After Grandmother died, our life gradually resumed its normal course. The Japanese appointed a new mayor, the barricades disappeared, enemy flags flew above the roofs, Japanese shops opened and, in restaurants, the traditional white-cotton door blind was replaced with one printed with Japanese writing. Japanese women with their tall, glossy, lacquered chignons walked along our streets. Constrained by their narrow kimonos, they took tiny little steps, clacking their clogs on the cobblestones.

We had to build a new house, but inflation had made us poor. Mother dismissed her chambermaids, and kept only the cook and one maid. The ruined aristocracy was replaced by the nouveaux riches, who brought a sort of pompous gaiety to the town. Hotels, luxurious shops and elegant restaurants opened-the avenues of our town had never been so prosperous.

My parents each found their own way of escaping reality: Father toiled over the translation of an anthology of English poetry; Mother busied herself copying out his manuscript, replacing his over-hurried words with her careful calligraphy.

Mother sealed her overseas memories in a chest.
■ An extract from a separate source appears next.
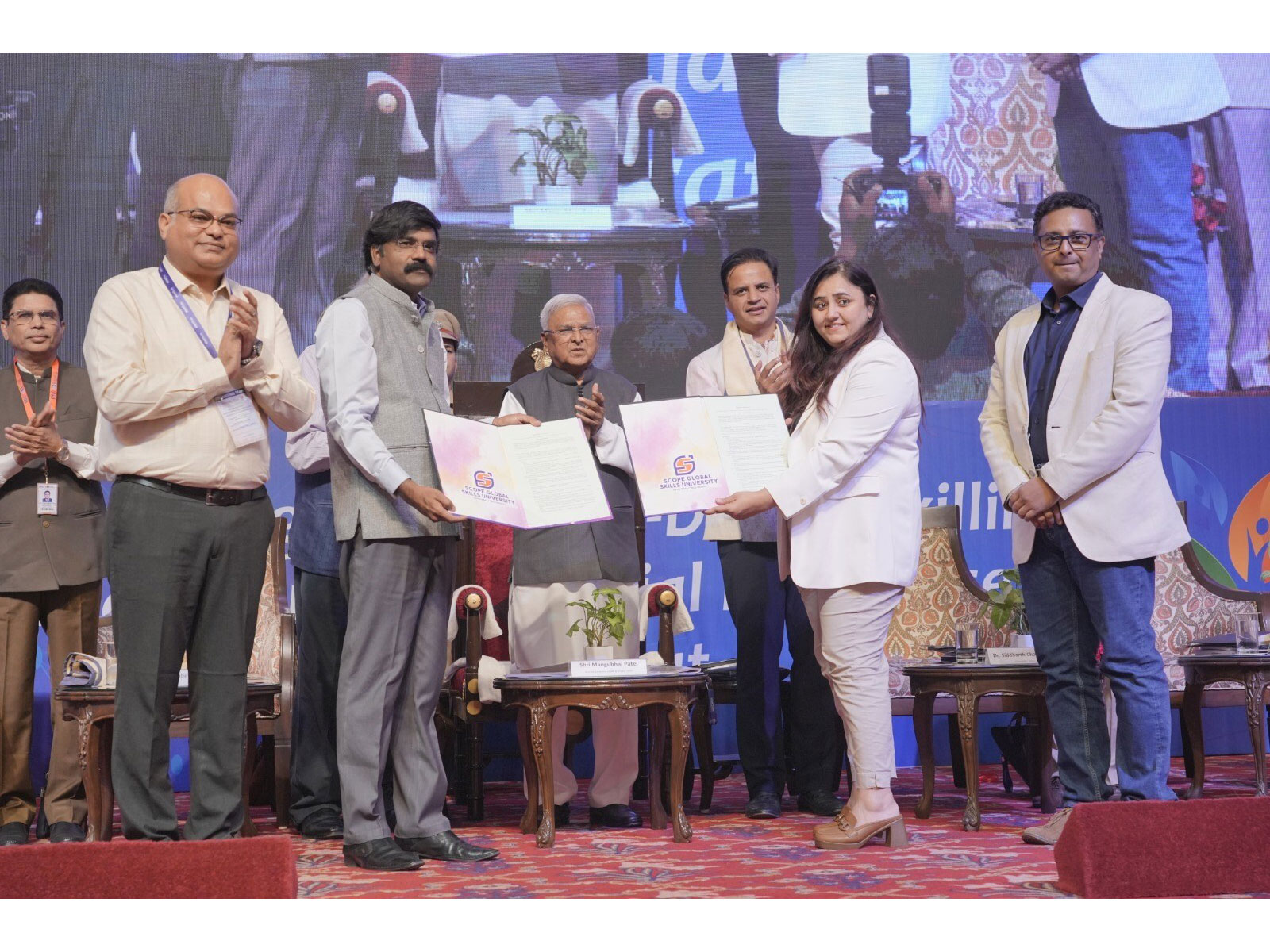 Agreement signed between MSEED & SCOPE in presence of Madhya Pradesh's Governor Mangubhai C. Patel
When she is away I take the opportunity to steal the key, which she keeps in a vase. Photographs, clothes, letters and printed fabrics in extraordinary designs that exude a bewitching smell… not musk, or cedar, or sandalwood; not the flowers we have in our garden, the trees we have in our towns; but a perfume that transports me to another world.

Dreaming only deepens my sadness.

14

At last! After a month of arduous tracking through the mountains, we have trapped the terrorists. We have cornered them on the edge of a precipice, with no escape unless they can fly.